Some 30 people have died in violent protests which erupted early last week over the Innocence of Muslims video, which was made in the United States.
The dead include the US ambassador to Libya, Christopher Stevens, and three other Americans, who died in Benghazi. US and other Western embassies have come under attack in mainly Muslim countries.
Friday's closures relate to possible protests following weekly Muslim prayers.
While no list of countries affected was immediately available, the embassy in Jakarta announced on its website that it would close on Friday.
French schools in Tunisia were due to close from Wednesday afternoon until Monday morning.
A statement about the cartoons on the French foreign ministry's website quotes Prime Minister Jean-Marc Ayrault as saying "freedom of expression is one of [France's] fundamental principles", as are secularism and respect for religious convictions.
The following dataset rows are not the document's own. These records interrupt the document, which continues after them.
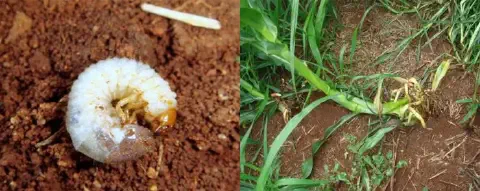 montagem de duas fotografias que ilustram a relação de causa e efeito de uma praga agrícola. À esquerda, um cl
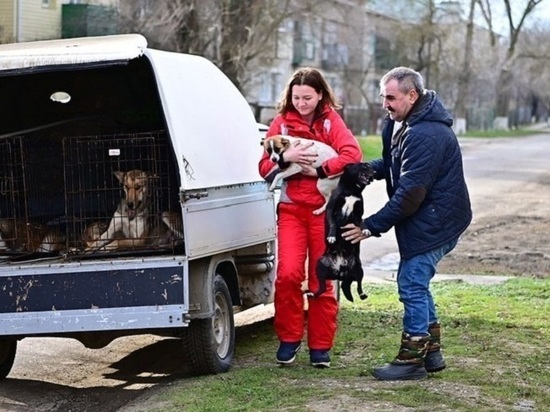В Буденновском округе Ставрополья возобновили отлов бездомных собак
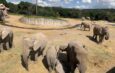 Africam Safari donará taquilla del 5 de julio a los Topos de Tlatelolco para ayuda en Venezuela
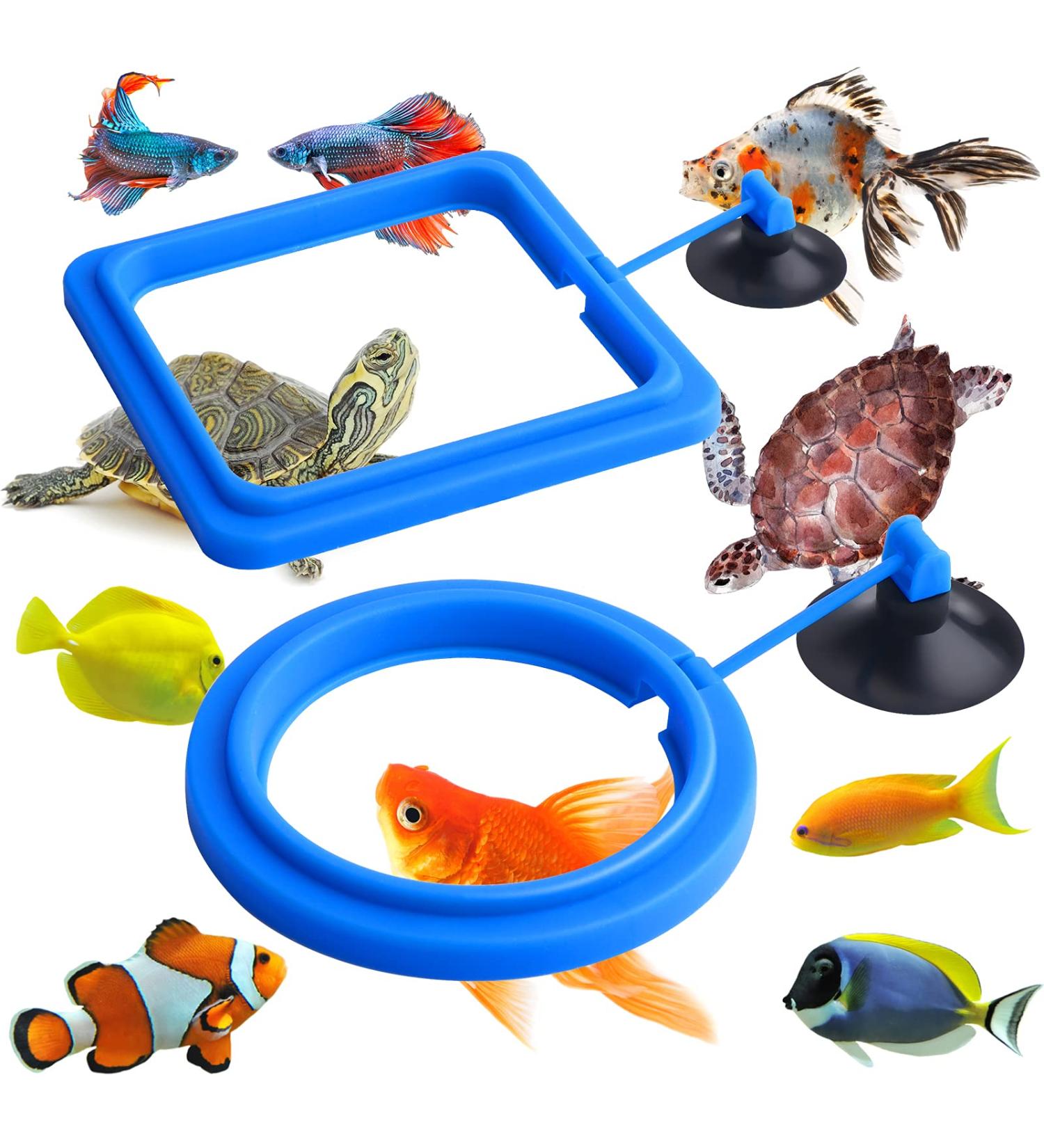 Molain Fish Feeding Ring 2 Pieces Fish Feeder Aquarium Fish Turtle Tank Accessories Food Feeder Circle For Guppy Bettas goldfish Turtle (Blue) - Buy Online on SooperMarket.com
"And this is why, in the current context, the prime minister would like to express his disapproval of any excesses," the statement adds.
Muslim leaders urged calm in France, which has the EU's largest Muslim community - about 10% of the population.
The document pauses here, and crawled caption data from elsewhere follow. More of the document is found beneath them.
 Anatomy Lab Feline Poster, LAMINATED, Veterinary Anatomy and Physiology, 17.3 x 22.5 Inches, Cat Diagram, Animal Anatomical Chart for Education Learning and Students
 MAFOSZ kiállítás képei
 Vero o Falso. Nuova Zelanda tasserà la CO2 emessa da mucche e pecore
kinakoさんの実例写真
"This is a disgraceful and hateful, useless and stupid provocation," Dalil Boubakeur, rector of the Paris Grand Mosque, told the Associated Press news agency.
"We are not like animals of Pavlov to react at each insult," he added, referring to the Russian physiologist who pioneered research into conditioning.
Boubakeur and other Muslim representatives are due to meet French Interior Minister Manuel Valls on Wednesday, French TV channel TF1 reports.
Charlie Hebdo, known in France for its scatological cartoons, has caricatured other religious figures in the past, including a "Pope special" in 2008 which resulted in an unsuccessful court action accusing the magazine of inciting hate.
One of the milder cartoons in Wednesday's edition, the cover image, shows an Orthodox Jew pushing a turbaned figure in a wheelchair, with the caption "You mustn't mock".
Among the explicit cartoons inside, one clearly parodies the topless photos of the Duchess of Cambridge which appeared in Closer magazine, and resulted in an injunction on Tuesday.
Magazine editor Stephane "Charb" Charbonnier said the images inside would "shock those who will want to be shocked".
"The freedom of the press, is that a provocation?" he asked.
"I'm not asking strict Muslims to read Charlie Hebdo, just like I wouldn't go to a mosque to listen to speeches that go against everything I believe."
In November, the magazine's offices in Paris were gutted by a petrol bomb attack after it named the Prophet Muhammad as its "editor-in-chief" for an issue.
During the protests against the Innocence of Muslims, a crudely produced film trailer made in the US, French police arrested some 150 people at an unapproved rally near the US embassy in Paris.